SynopsisThis passage describes the visit of the Wise Men—a.k.a. the Magi—to Jesus. They end up in Jerusalem, because they’ve followed a star to the area, and start asking around about “the king of the Jews” (verse 2 (ESV)), wondering where they can find him.
Herod hears about this, and gets “troubled,” and “all Jerusalem with him” (verse 3 (ESV)), so he decides to pretend to help the Magi. He brings together the scribes, asks them where the Christ is supposed to be born, and they tell him that he’s supposed to be born in Bethlehem, based on a prophecy in Micah 5:2 (ESV). So Herod tells this to the Magi, and tells them that when they find this child, they should let him know, so that he can go and worship him too. (Spoiler alert: Herod doesn’t really want to worship the Christ.)
They go to Bethlehem, and find that the star they’ve been following is right above the place where Jesus is.
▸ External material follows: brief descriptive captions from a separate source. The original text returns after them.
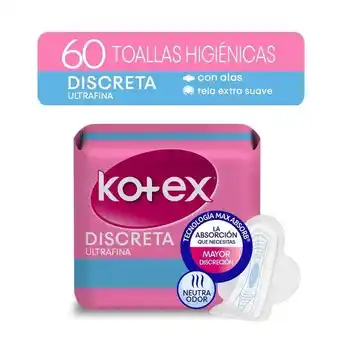 Tottus Toalla higiénica kotex ultrafina antibacterial 60 unid oferta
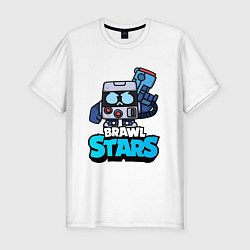 Мужская slim-футболка Virus 8 bit brawl stars Blue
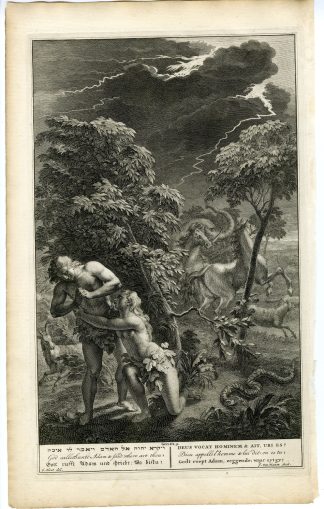 Antique Print-GENESIS-ADAM-EVE-SNAKE-HORSE-ELEPHANT-van Vianen-de Hondt-1728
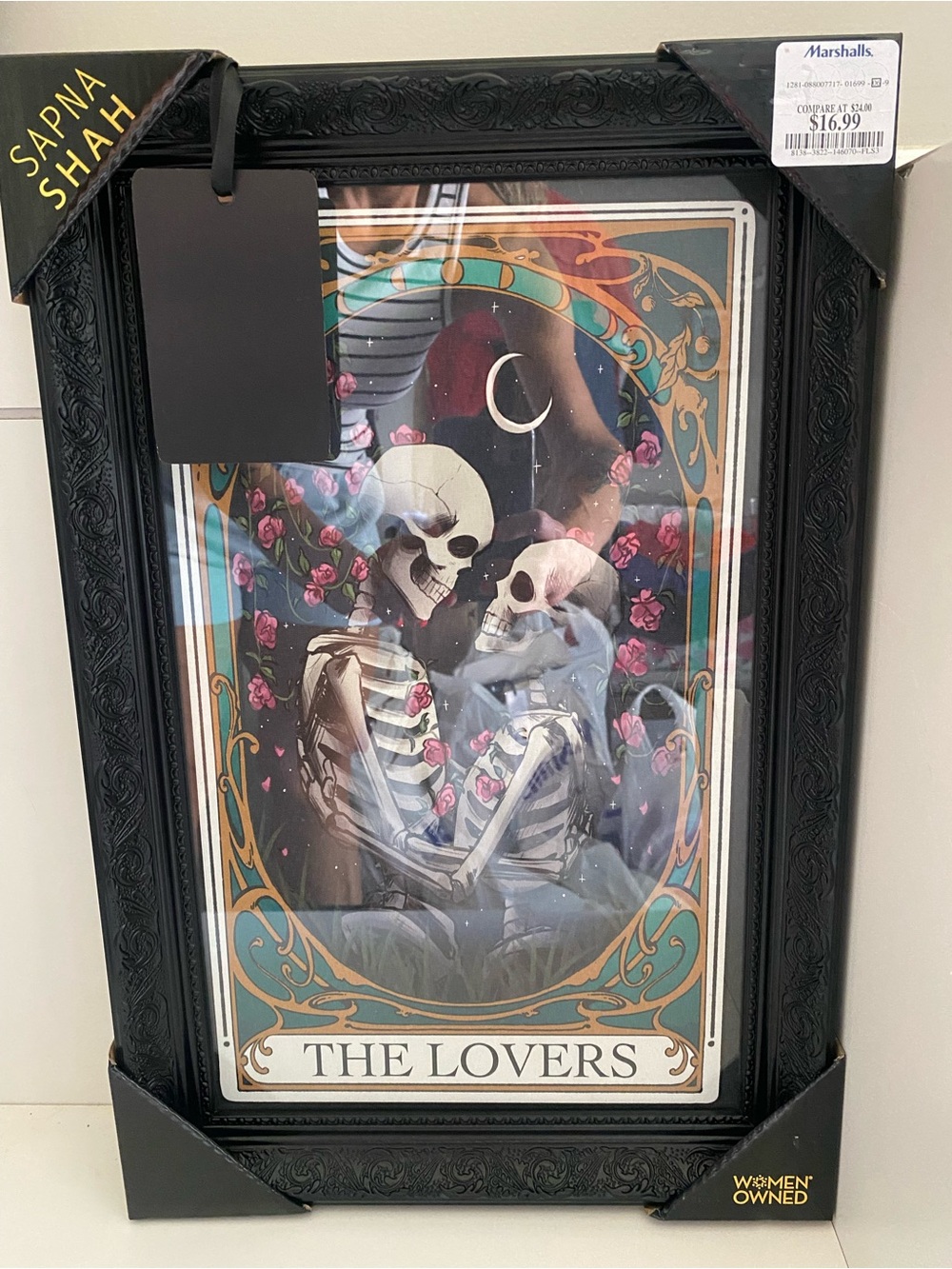 Sapna Shah The Lovers Skeleton Tarot Card Viral Wall Art Print Frame Gothic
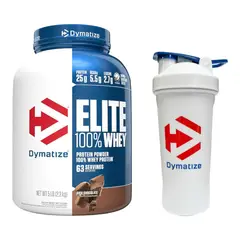 DYMATIZE - Elite 100% Whey Proteina 5 Lb - Chocolate + Shaker de regalo
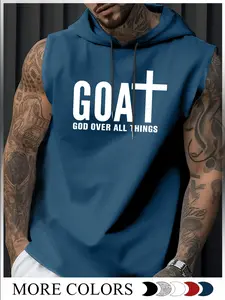 🚨RELIGIOUS REBEL UPGRADE! Sleeveless Hoodie Vest + GOAT (GOD OVER ALL THINGS) | Muscle-Baring + MULTI-COLORS 💥 Crush Boring Gym Wear Sleeveless Gym Tops – TikTok’s Viral Faith Flex🔥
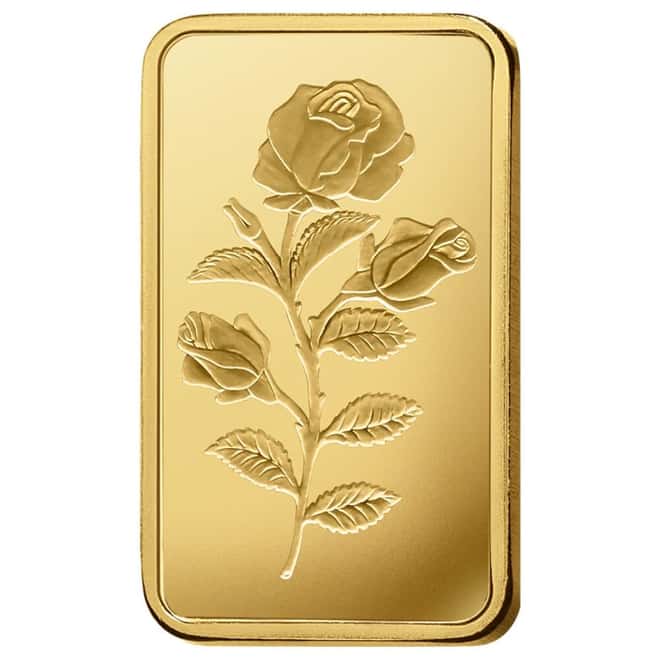 1 Gram PAMP Suisse Rosa Gold Bar .9999 Fine (in Assay)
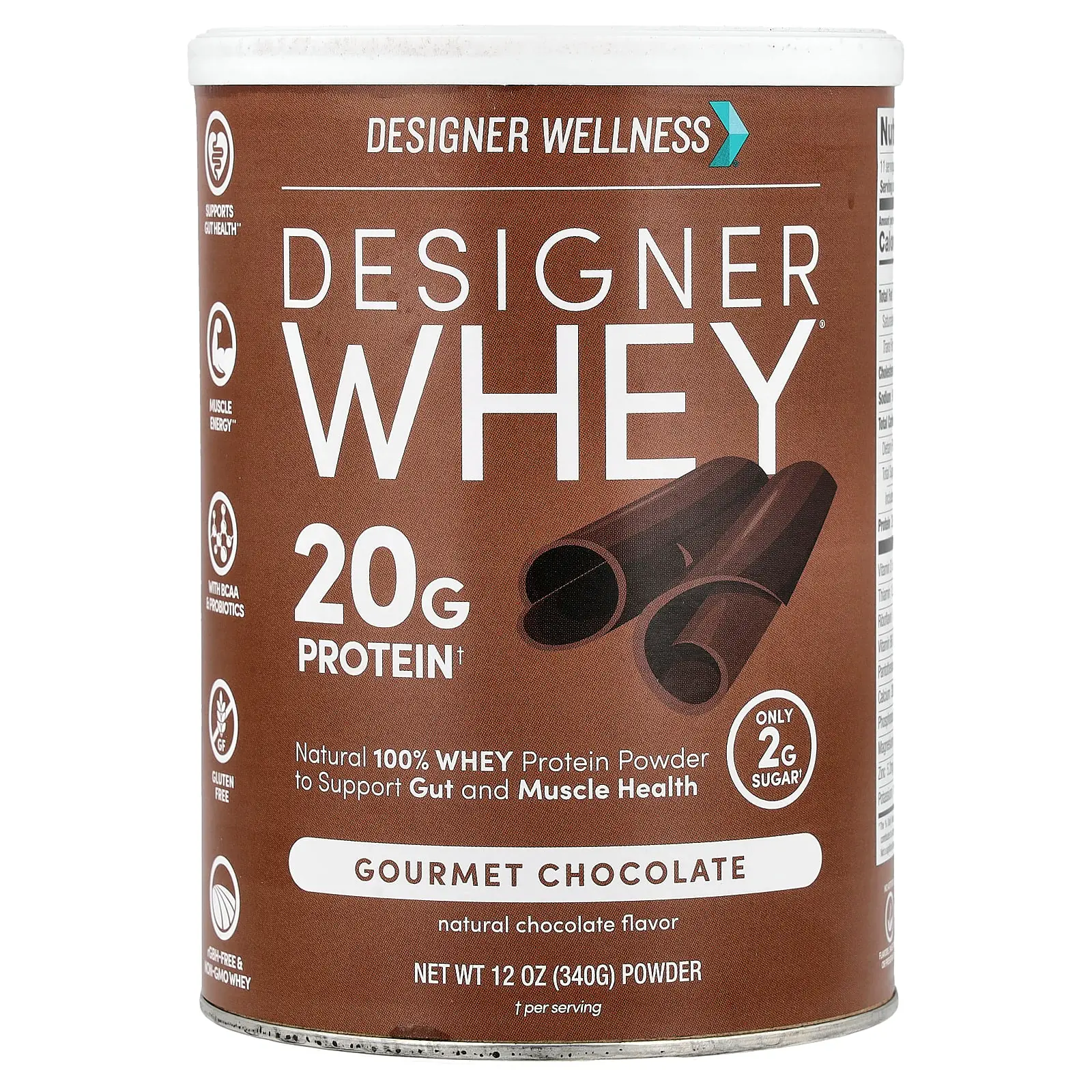 Designer Wellness Designer Whey, Natural 100% Whey Protein Powder, Gourmet Chocolate, 12 oz (340 g)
They fall down to worship him, and then, as we’ve all heard, offer him gifts of gold, frankincense, and myrrh. But, having been warned in a dream, they don’t return to Herod in Jerusalem; they go home via another route.
ThoughtsWe are told in verse 3 that when Herod is troubled, all of Jerusalem is troubled with him. Why would this be? I assume it’s because people know that when the king is unhappy, they’re going to be miserable too. But based on this, it means that the Magi must spend quite a bit of time in Jerusalem, looking for the Christ, if there is time for the king to hear about it, and then for the people to hear about the fact that he’s troubled by it.
I don’t think it’s giving anything away to say that Herod is troubled by news of a new “King of the Jews” because he doesn’t want some Jewish troublemaker coming along, trying to lead the Jews militarily. Kings don’t tend to like competition for rule.
According to the ESV Study Bible, “scribes” were the “official interpreters of the Old Testament.” (I doubt I’ll keep explaining that every time we encounter the word.)